Problem requirements → What you should repeat is the run of lines from the top of the listing below through the line with "Renaissance writing table", exactly, with no pictures.

Available records →
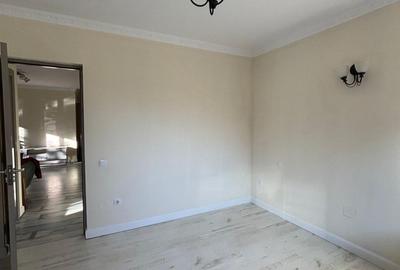 Apartament cu 3 camere semidecomandat în Bună Ziua - 13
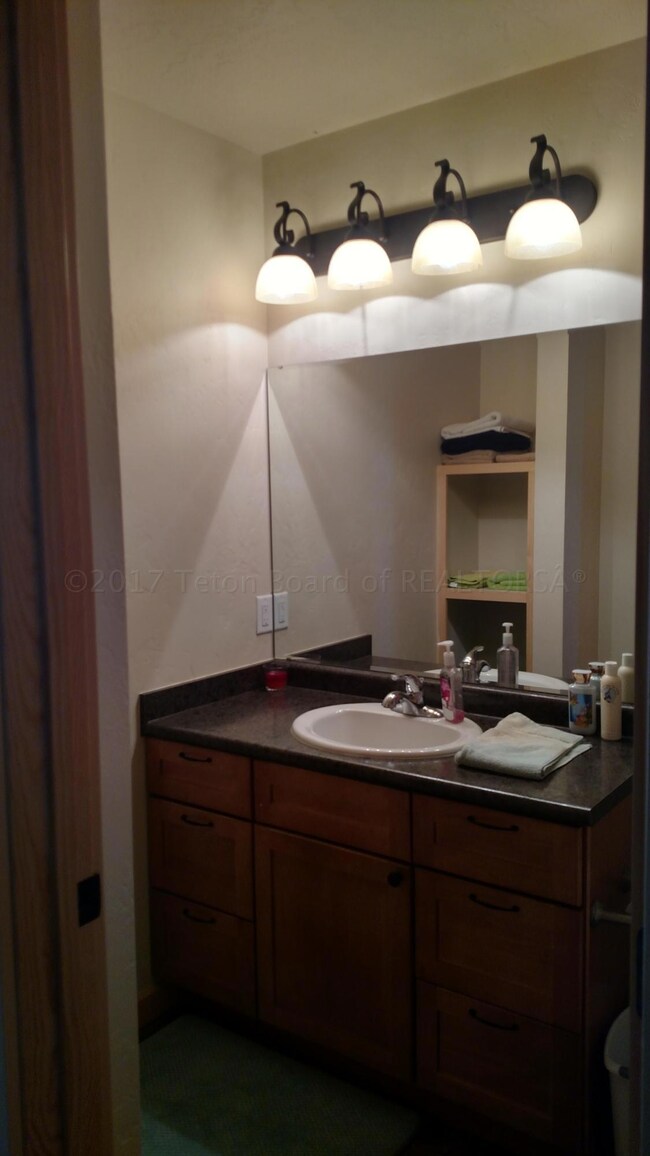 Par Full Bathroom 2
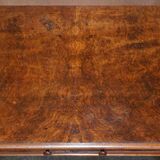 Renaissance writing table in flamed walnut, Pugin style, around 1850.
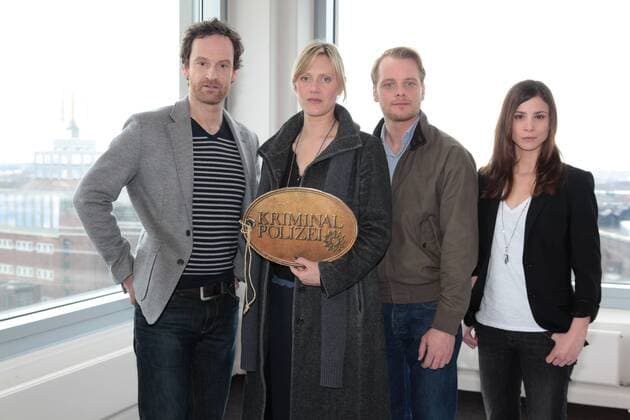 Jörg Hartmann als Petzer Faber, Anna Schudt als Martina Bönisch, Stefan Konarske als Daniel Kossik, Aylin Tezel als Nora Daly, v.li. Die Besetzung der vier Hauptrollen beim Tatort aus Dortmund: Jörg Hartmann spielt Hauptkommissar Peter Faber, Anna Schudt übernimmt die Rolle der Hauptkommissarin Martina Bönisch, und Aylin Tezel geht als Polizeioberkommissarin Nora Dalay auf Verbrecherjagd. Bei dem Pressetermin wird nun erstmals auch der vierte Mann vorgestellt. Er übernimmt die Rolle des Polizeioberkommissars Daniel Kossik. Damit ist das Team komplett.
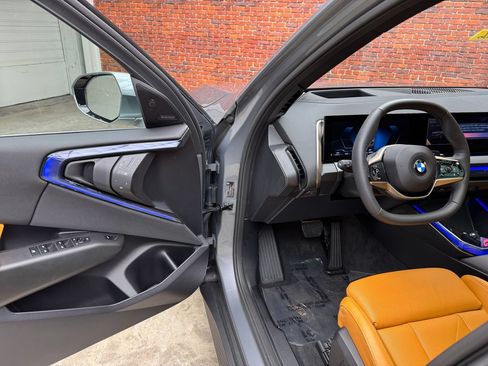 Used 2025 BMW X3 xDrive30i w/ Premium Package AWD/4WD image 8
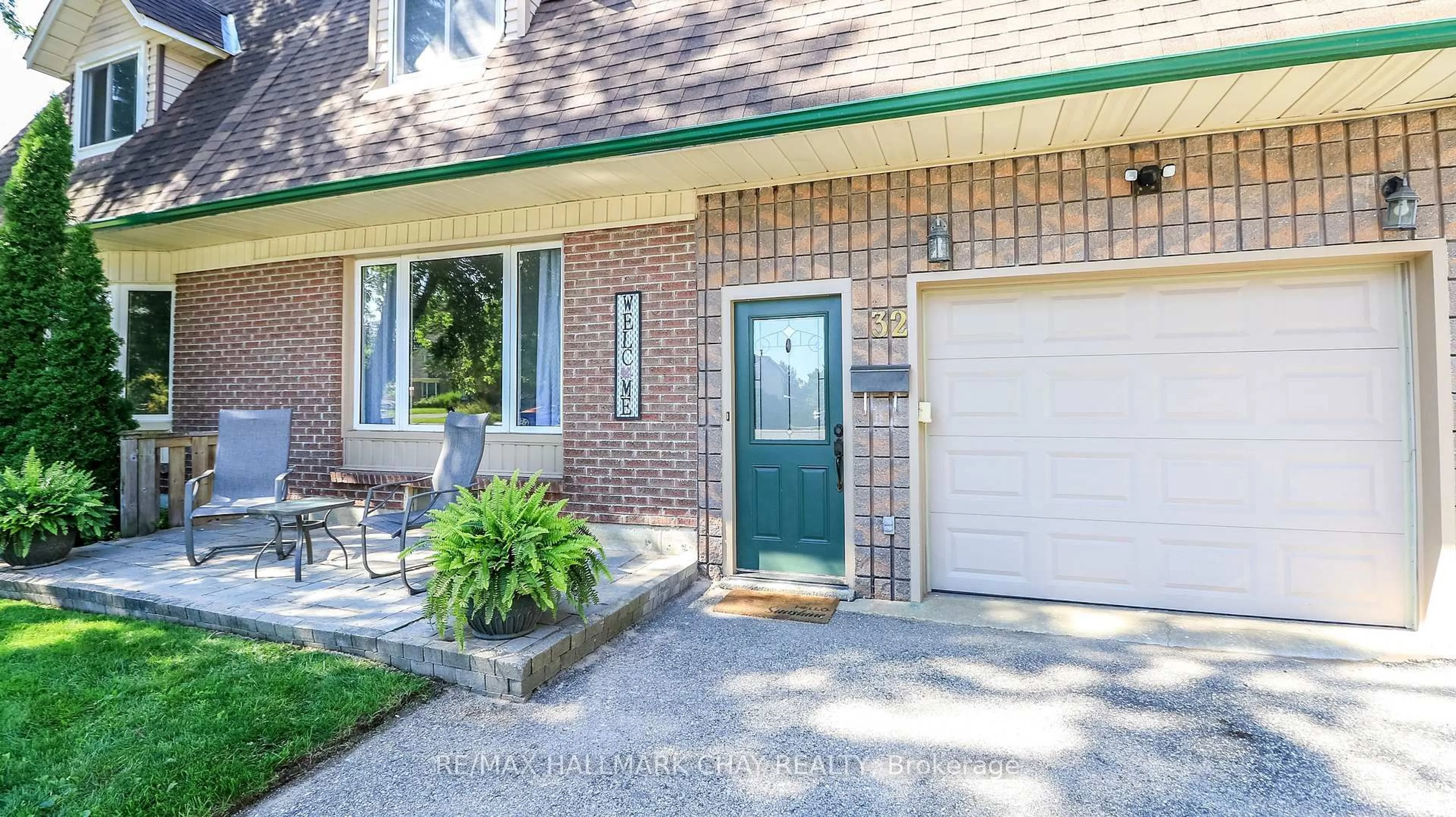 Home with brick exterior material, street for 32 Wilde Pl, Barrie Ontario L4N 4W7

Exercise result →
 Apartament cu 3 camere semidecomandat în Bună Ziua - 13
 Par Full Bathroom 2
 Renaissance writing table in flamed walnut, Pugin style, around 1850.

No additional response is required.